- Idris Elba as Stringer Bell
- First appearance: "The Target" (2002)
- Last appearance: "Mission Accomplished" (2004)
- Created by: David Simon
- Portrayed by: Idris Elba

In-universe information
- Full name: Russell Bell
- Aliases: Stringer; String;
- Occupation: Drug kingpin; Housing developer;

= Stringer Bell =

Character from The Wire

Russell "Stringer" Bell is a fictional character and one of the main antagonists in The Wire, played by Idris Elba. In the criminal world of early 2000s Baltimore, Bell serves as drug kingpin Avon Barksdale's second-in-command and assumes direct control of the Barksdale Organization during Avon's imprisonment.

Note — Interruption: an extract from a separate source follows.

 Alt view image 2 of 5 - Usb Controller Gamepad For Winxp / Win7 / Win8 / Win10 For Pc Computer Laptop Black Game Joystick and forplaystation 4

Bell is a terse and brooding leader, who shuns the flamboyance of the likes of Avon for ruthless pragmatism and legitimacy.

He attends macroeconomics classes at Baltimore City Community College and maintains a personal library, including a copy of Adam Smith's The Wealth of Nations. He attempts to legitimize the Barksdale Organization and insulates himself from direct criminality through money laundering and investments in housing development, aided through his buying of influence from politicians.

==Biography==
===Season 1===
Stringer is first seen attending the trial of Avon's nephew and lieutenant, D'Angelo Barksdale, for the murder of rival drug dealer "Pooh" Blanchard. To ensure D'Angelo's acquittal, Stringer has enforcers Roland "Wee-Bey" Brice, Anton "Stinkum" Artis, and Savino Bratton intimidate and bribe witnesses over the course of the trial. When D'Angelo is released, Avon has Stringer demote D'Angelo from the Barksdale towers to the low-rise projects known as "the pit".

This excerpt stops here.